Personal information
- Born: 24 April 1985 (age 41) Braintree, Essex, England
- Height: 180 cm (5 ft 11 in)
- Weight: 75 kg (165 lb)

Sport
- Sport: Field hockey
- Position: Midfield

Senior career
- Years: Team / Caps / Goals
- 2007–2012: Reading / - / -
- 2012–2014: Hampstead & Westminster / - / -

National team
- Years: Team / Caps / Goals
- –: Great Britain /  / -
- –: England /  / -

Medal record
Men's field hockey
Representing England
Champions Trophy
| Silver medal – second place | 2010 Mönchengladbach | Team |
European Championship
| Gold medal – first place | 2009 Amsterdam | Team |

= Iain Mackay (field hockey) =

British field hockey player (born 1985)

Iain Mackay (born 24 April 1985) is a British field hockey player who competed at the 2012 Summer Olympics.

== Biography ==
MacKay was educated at Bishop's Stortford College in Hertfordshire. Later, he attended college at Loughborough University.
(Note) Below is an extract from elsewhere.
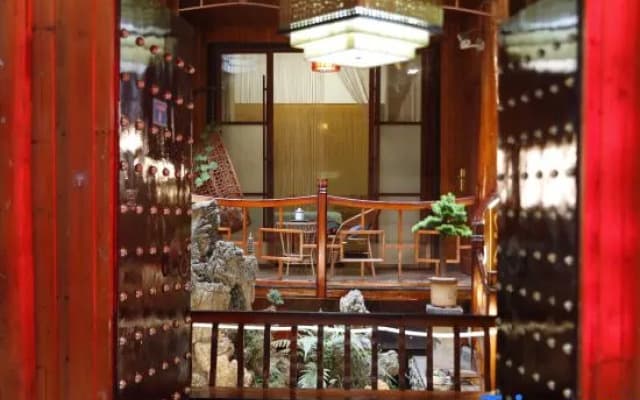 Qingcheng Xiaoyuan (Fenghuang Ancient Town Branch, Lansheng Metro Station)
He played junior hockey for Braintree Hockey Club and played senior club hockey with Reading in the Men's England Hockey League and began playing internationally in 2009 and helped England to a win in the 2009 Men's EuroHockey Nations Championship

He played in the 2010 Commonwealth Games in Delhi and was part of the silver medal winning England team that competed at the 2010 Men's Hockey Champions Trophy in Mönchengladbach, Germany.

He represented Great Britain at the 2012 Olympic Games in London in the field hockey tournament.

After the Olympics he left Reading to join Hampstead & Westminster.